--- Information Enclosed Below ---
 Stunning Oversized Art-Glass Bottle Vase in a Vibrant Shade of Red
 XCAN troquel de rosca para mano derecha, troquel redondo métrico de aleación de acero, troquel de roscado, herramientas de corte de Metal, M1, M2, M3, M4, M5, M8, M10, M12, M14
--- End of Enclosed Information ---
--- Information Enclosed Below ---
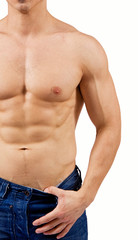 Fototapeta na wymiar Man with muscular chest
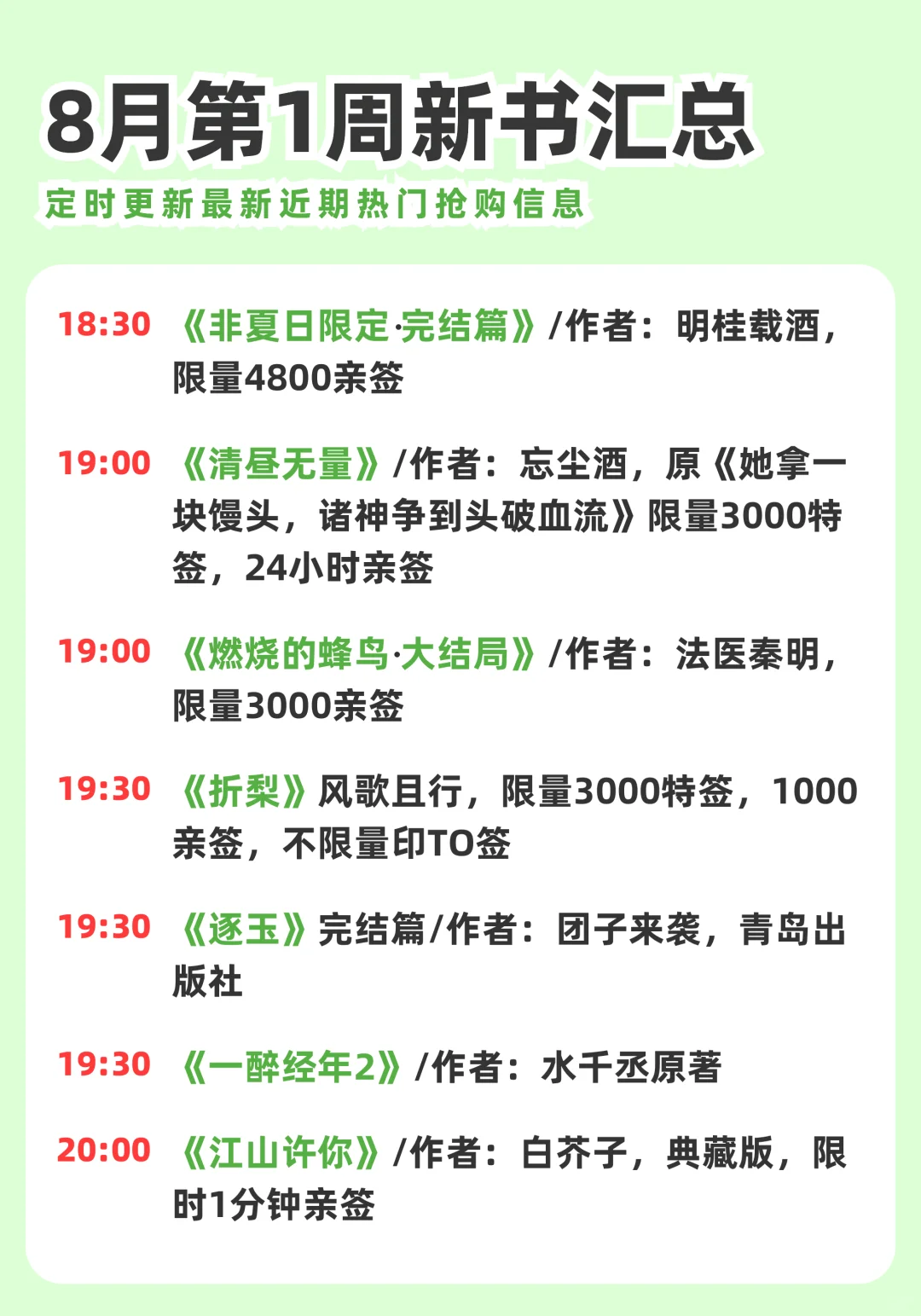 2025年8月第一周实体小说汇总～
--- End of Enclosed Information ---
--- Information Enclosed Below ---
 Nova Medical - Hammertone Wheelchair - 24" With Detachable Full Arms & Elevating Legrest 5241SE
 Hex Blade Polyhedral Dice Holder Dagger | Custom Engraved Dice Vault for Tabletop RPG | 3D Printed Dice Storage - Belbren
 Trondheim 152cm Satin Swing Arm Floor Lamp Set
--- End of Enclosed Information ---
**Work instructions**
Among the entries above, take the lines from the one with "Fototapeta na wymiar Man with muscular chest" through the one with "2025年8月第一周实体小说汇总～" and retype them exactly, leaving out the pictures.

**Finished task**
 Fototapeta na wymiar Man with muscular chest
 2025年8月第一周实体小说汇总～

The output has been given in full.